Il est loin le temps des Tours de France des années 80 avec plusieurs contre-la-montre de 50 à 70 km, pour des distances totales en individuel de 140 km et plus :
- 1983 : 58+15+15+50 km en individuel + 100 km par équipe : 240 bornes au total !!!
- 1984 : 67+51+22 km en individuel + 51 km par équipe : 190 bornes au total !

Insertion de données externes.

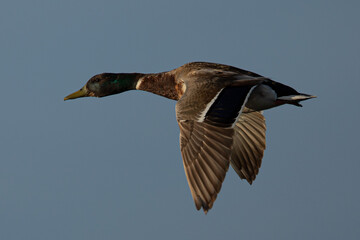 wild duck flying, seen in the wild in a North California marsh
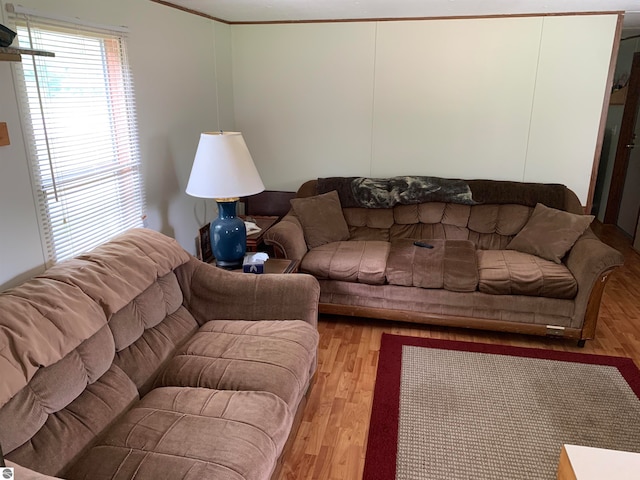 living room featuring ornamental molding and light hardwood / wood-style floors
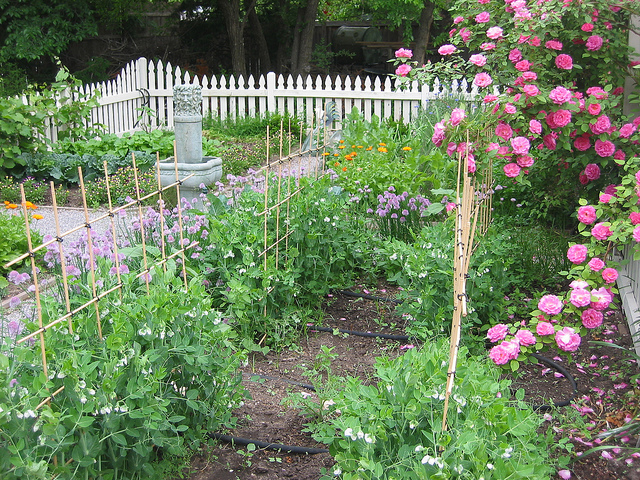 Kitchen garden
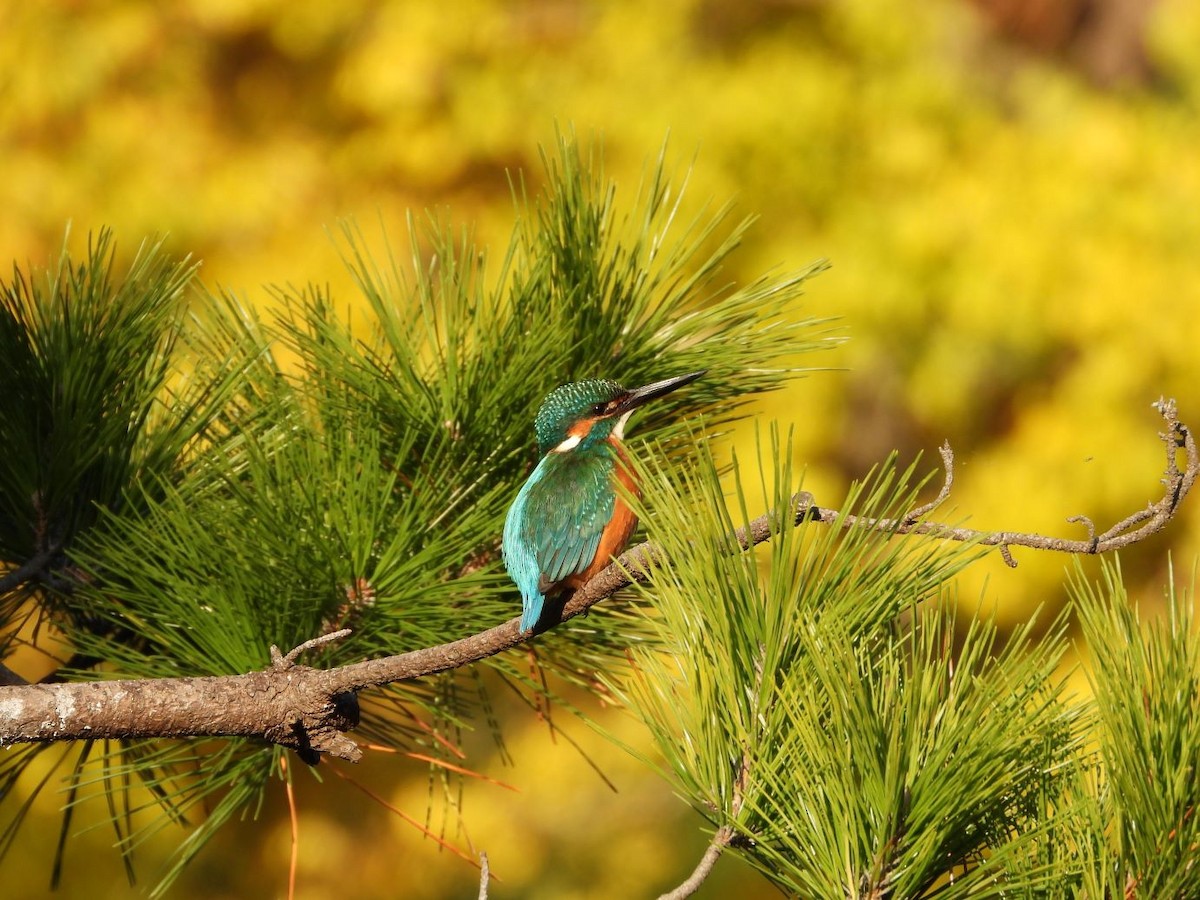 Common Kingfisher - ML645206604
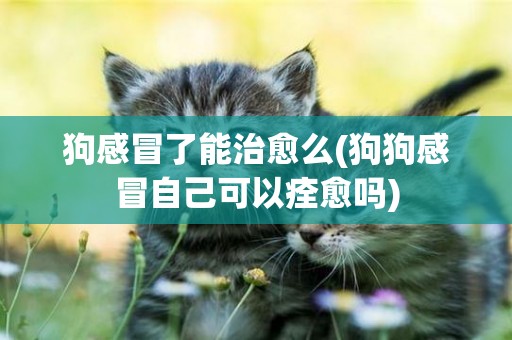狗感冒了能治愈么(狗狗感冒自己可以痊愈嗎)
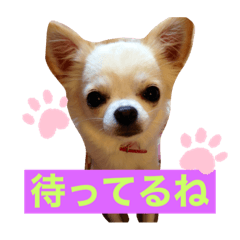 saori_20200412083221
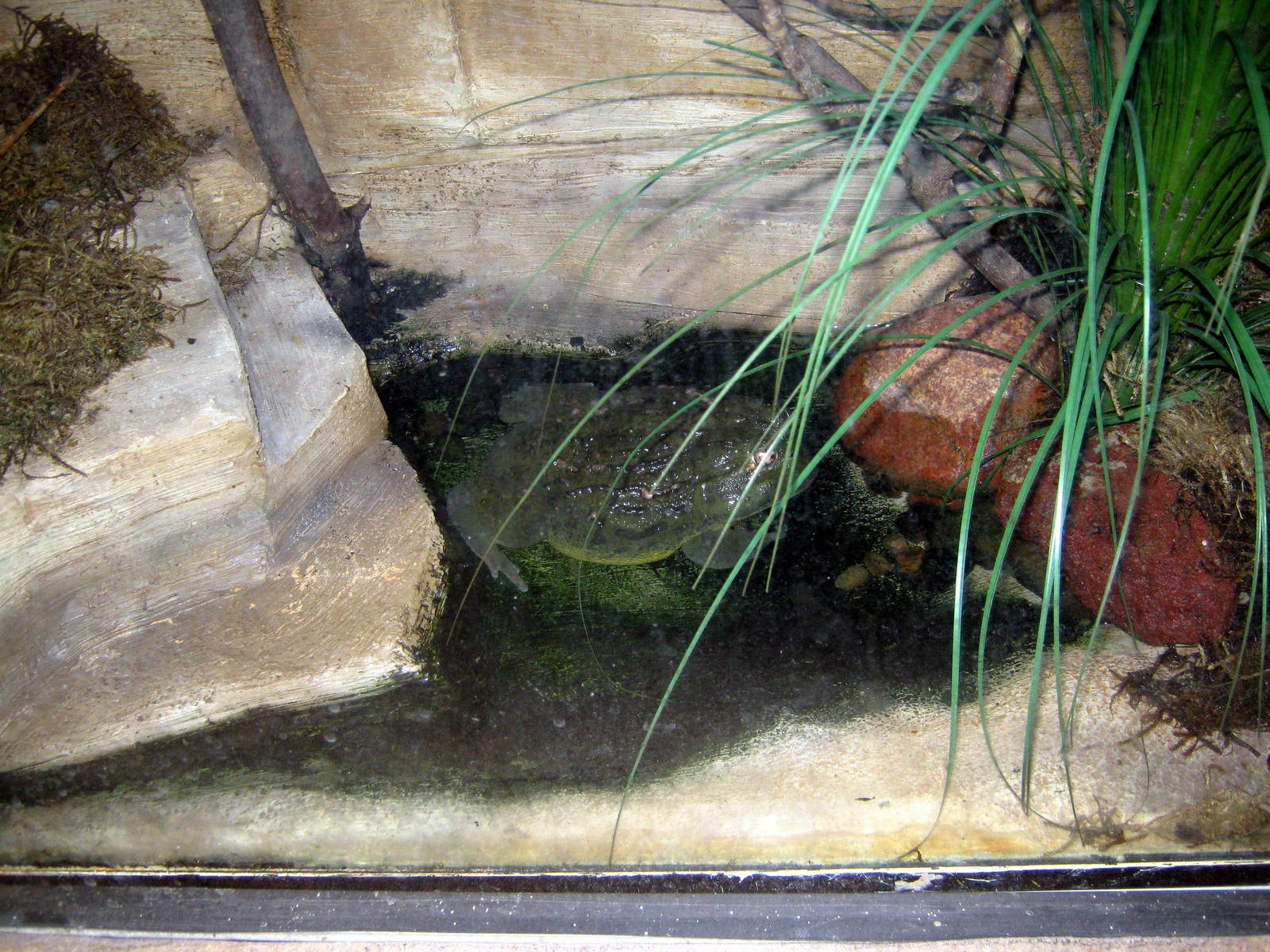 Kingdoms of the Night-African Bullfrog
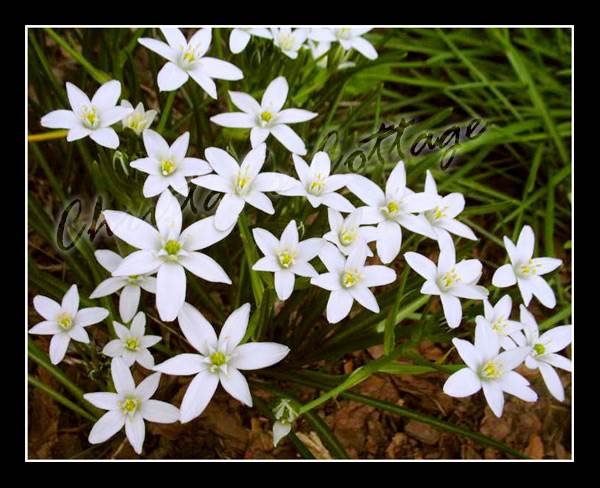 8 Umbellatum Star of Bethlehem Summer Snowflake Gardening Bulb Corm White Flower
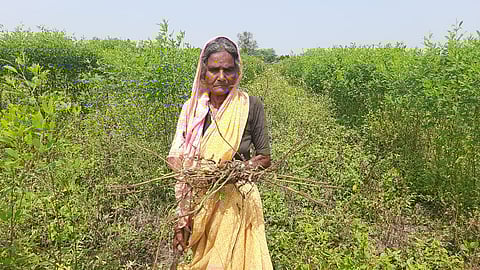 Elderly widow needs help from government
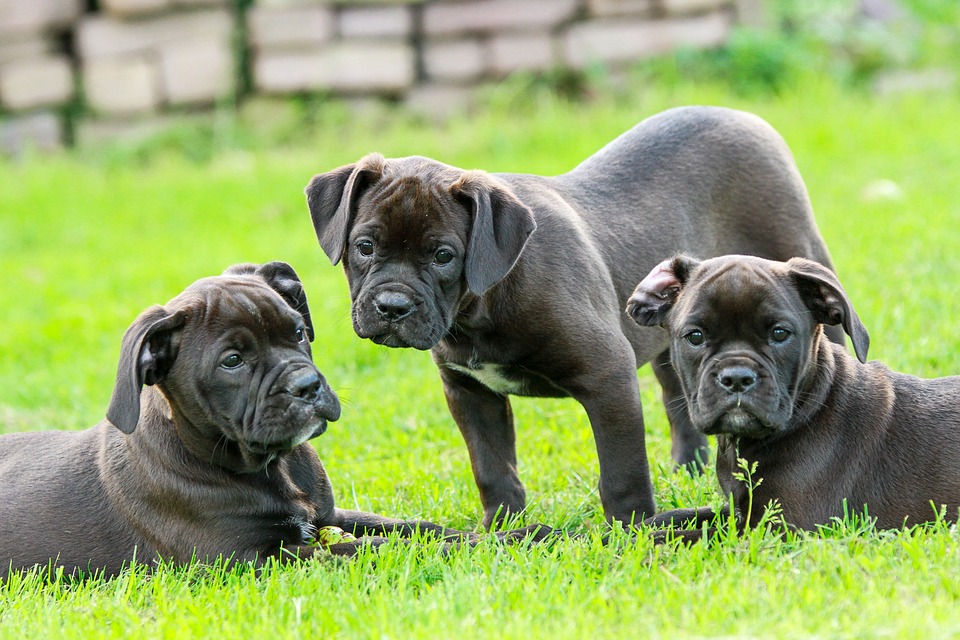 cute black puppies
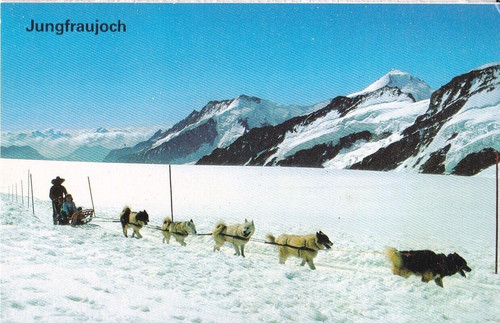 Jungfraujoch switzerland - jungfraujoch,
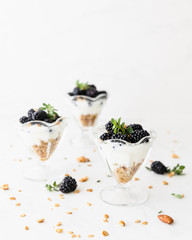Fresh Blackberries on Top of Granola and Yogurt Parfait On Light Background, Space For Text
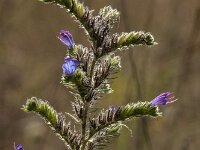 Echium vulgare 95, Slangenkruid, Saxifraga-Jan van der Straaten
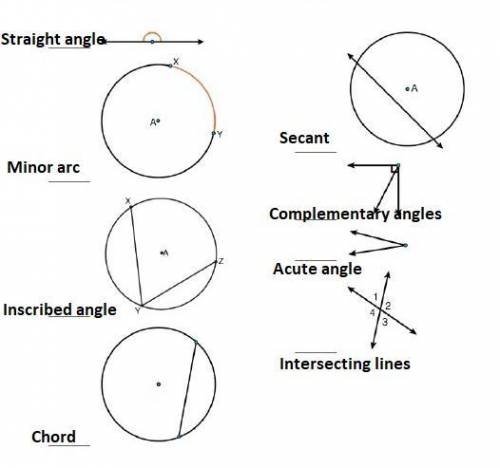 Match each picture with its correct label. complementary angles acute angle straight angle intersect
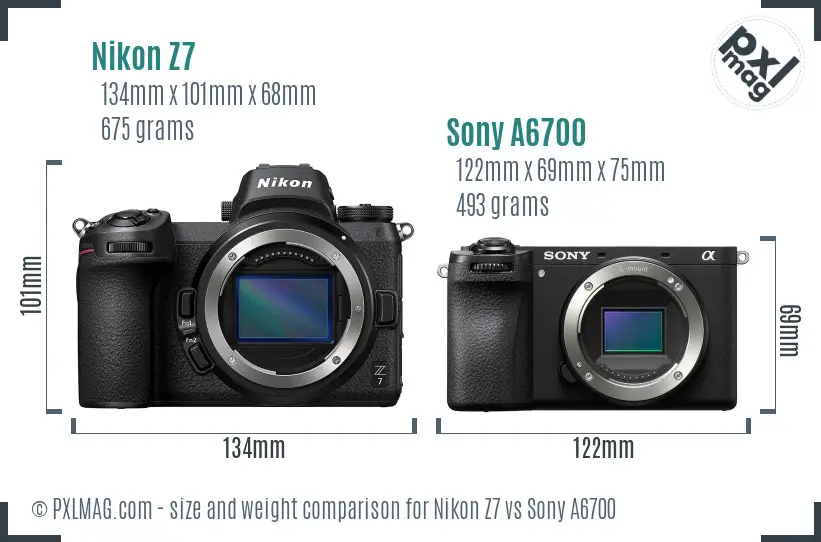 Nikon Zf vs Nikon Z7 Detailed Comparison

- 1985 : 75+32+46 km en individuel + 75 km par équipe : 230 bornes au total !
Le problème c'est que les meilleurs coureurs de Grand Tour actuels sont déjà des rouleurs-grimpeurs, et aucun pur rouleur ne peut espérer quoi que ce soit sur un GT
pour ce qui est du classement général, même en mettant 5 minutes aux autres sur un grand contre-la-montre. Avec les coureurs présents sur ce Tour de France, par exemple, tu aurais les Pogatchar&Vingegaard dans le top 5 (ou pas loin), avec un Van Aert (avec sa balance plus orientée rouleur) et un ou deux spécialistes du CLM comme Küng. Si on augmentait les distances, les grand leaders reculeraient un tout petit peu ce jour là (et encore, l'an dernier sur le Tour de France les 2 zozos font 2^e^ et 3^e^ du CLM de 40 km assez plat à part 2 petites buttes finales, mieux que Ganna et Küng), mais bon, si c'est pour avoir des spécialistes à la Dennis qui ne viennent que pour 1 CLM sans rien faire d'autre les autres jours, voire se barrent ensuite, ce n'est pas génial non plus.
La réduction progressive de la longueur des CLM, et l'augmentation des dénivelés sur les kilomètres qui restent, a pour but d'essayer de ne pas éliminer aussi les purs grimpeurs du jeu du général.
Je n'ai pas vérifié, mais je pense qu'actuellement, les tours qui présentent le plus de CLM par rapport à leur kilométrage total doivent être les Tours de Romandie et de Suisse (par tradition pour servir de préparation à de plus grande courses, et puis le fait d'avoir Küng et Bisseger à la maison compte).
Le Giro de cette année a présenté pas mal de CLM au total : un presque plat de 20 km, un plat de 35 km, et un course de côte de 19 km. Mais sur le plus long, un grimpeur comme Tao G*.* finit juste devant les rouleurs Küng et Armirail (et Roglitch juste après), donc bon... Depuis que le cyclisme se résume un peu à une question de W ou de W/kg, un grimpeur (hormis les puces de 50 kg) qui travaille sa position sur un vélo de CLM peut assez facilement rivaliser avec les rouleurs buffles : il a presque la même puissance à disposition et moins de prise au vent.
Chaque organisateur oriente un peu son choix de distance et de type de CLM en fonction des coureurs qu'il voudrait favoriser. Quand tu as Küng ou Ganna, tu essayes de leur fournir des occasions de briller. Et c'est pareil dans l'autre sens quand en France on n'a plus que des grimpeurs non-rouleurs (au contraire des Hinault et Fignon qui étaient capables de remporter le Grand Prix des Nations, contre-la-montre de 90 km)...
Ah, et puis en matière d'audience télévisée, ça doit être assez mauvais, parce qu'autant ça représente l'effort cycliste le plus vrai, autant c'est honnêtement très chiant à suivre en général du fait de la quasi-absence de jeu tactique entre adversaires qui doivent s'aider (et emmerdant à filmer parce qu'il faudrait une caméra par coureur tout du long, ce qui n'est pas possible).